A small diversion: ctags

The next step is to edit the source file where the bug is because we may be ready to fix it or we may need to see more of the surrounding lines. The stacktrace always allows us to identify the function that we want to look at, and with debugging information we have a filename and a line number, but often while developing programs we don't have such specific information. When we want to look at a particular function in a very large project we may not know which file it is in, or where it is in that file. The solution is an index of functions called a tags file, and the utility ctags is the usual way of generating this.

Type make tags now, and a file called `tags' will be generated. This is the index, and it is worth looking at although you don't need to understand it. It will not be very big since this is a very small program. Once the tags file is generated, most editors can use it to jump straight to the spot in the correct file for a particular function. Exactly how you do this depends on the editor, but using vi it is achieved with
vi -t functionname
Try this now to get to the function we want to debug.

Fixing the bug

Try to identify and fix the bug. A very large hint will be provided by the compiler if you remove the -w option from the CFLAGS variable, clean, and then rebuild again. The -w turns of GCC's standard warnings, and these are very useful. Many other warnings can be very helpful too, and you should look through the warning options that GCC supports. Once the bug is fixed, the program will not crash, but it will probably always give 0 as the length of the string. Fixing this takes us to the next mode of debugging.

Running a program

Start up gdb again giving only the program as an argument. We are not interested in the core dump now since the crash has been fixed. You can run the program using the command `run', but it will go to the end, only stopping for input as it normally does. What we need to do instead is stop it before the error and continue step by step. Since we may not know where the error is for the moment, it is best to stop it at the beginning. This is done with the `break' command, which puts a marker on a particular line in the source file for the debugger to stop at. The line can be given as either a line number or a function name, and since we want to stop at the very beginning the easiest is to type
break main

Run the program again, and it will stop at the first line of main(). To proceed line by line, use the command `next', but remember that when the gdb prompt is not there you will be typing input to the program instead. As you go, try using `print' to show the value of a variable, particularly the input string, to make sure it is correct. It should only take a few nexts to finish the program, as main() is not very long, and you should find that the error is not in any of those lines.

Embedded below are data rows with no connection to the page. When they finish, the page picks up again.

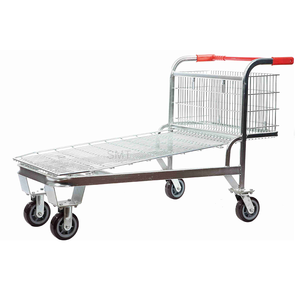 Heavy Duty Warehouse Transport Cargo Trolley Flat Wire Platform <strong>Cart</strong> 500kg Logistics Material Handling <strong>Transporter</strong> with 4 Wheels - Product Image 3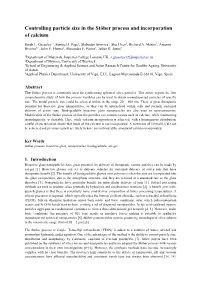 Controlling Particle Size in the Stöber Process and Incorporation of Calcium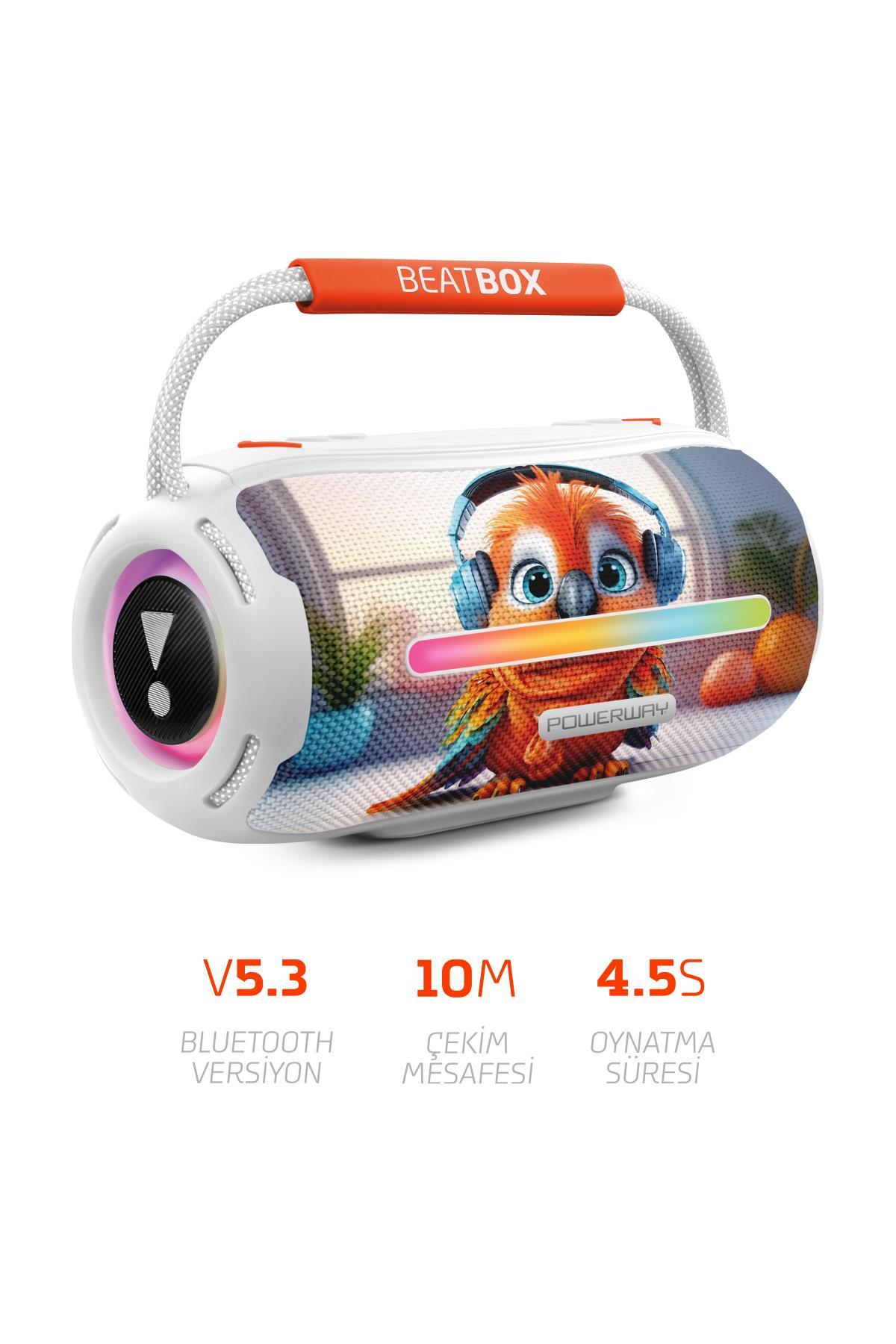 Powerway Beatbox Animals Papağan Led Işıklı Dayanıklı Ses Bombası Usb Sd Aux Bluetooth Hoparlör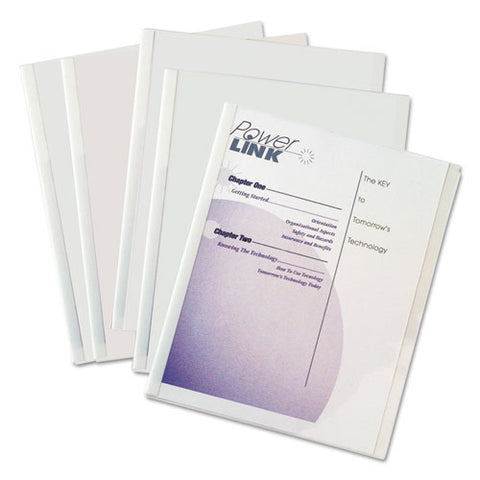 Vinyl Report Covers With Binding Bars, 0.13" Capacity, 8.5 X 11, Clear/clear, 50/box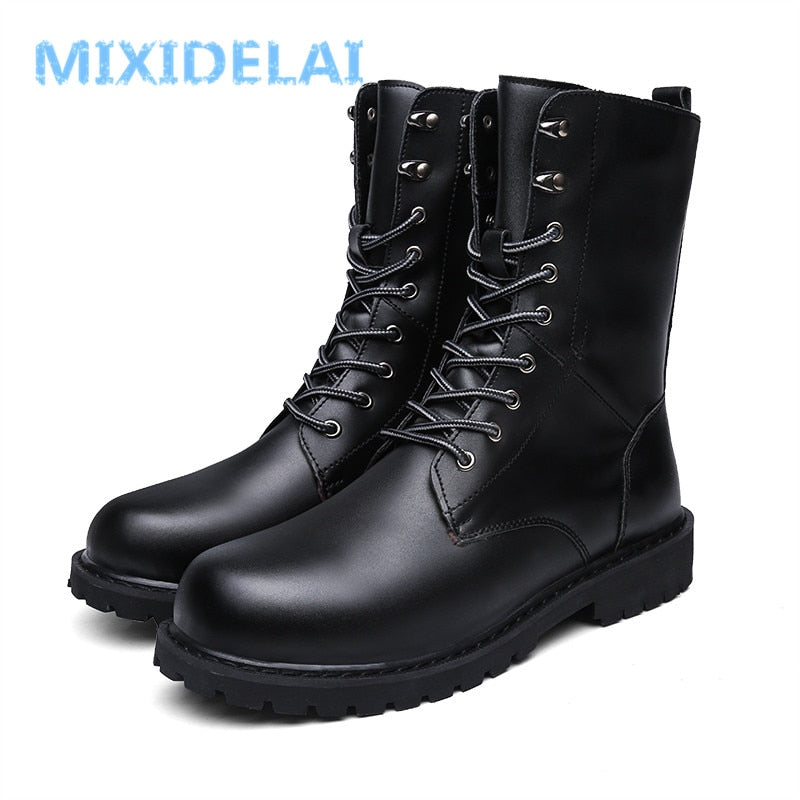 Men's PU Leather Fleece Lined Motorcycle Solid Color Waterproof Leather Lace-Up Ankle Boots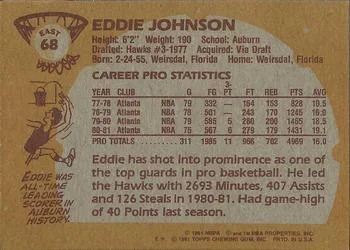 1981-82 Topps Eddie Johnson #E68 card back image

What we need is to go through the program in such a way that we move into the function calls when they happen. For this, we use the command `step' instead of `next'. Run the program again, and this time use `step'. Make sure your string is at least 3 characters long, and pay attention to the arguments of the function calls as you step. You will see the recursion reducing the length of the string each time. Also, you will see something wrong with the other argument. This is the bug that you need to fix, and the program should work completely after that.

Attaching to a process

As a quick demonstration of this ability, run the program normally, not from the debugger, but do not type any input. This will make the process wait. In a different window type ps, note the number of the process that is running your program, and start the debugger with
gdb slen PID
where PID is the process number (Process ID) that you noted. The debugger will load the program, and attach to the process running it, and will then behave as if you had run the program inside the debugger to begin with.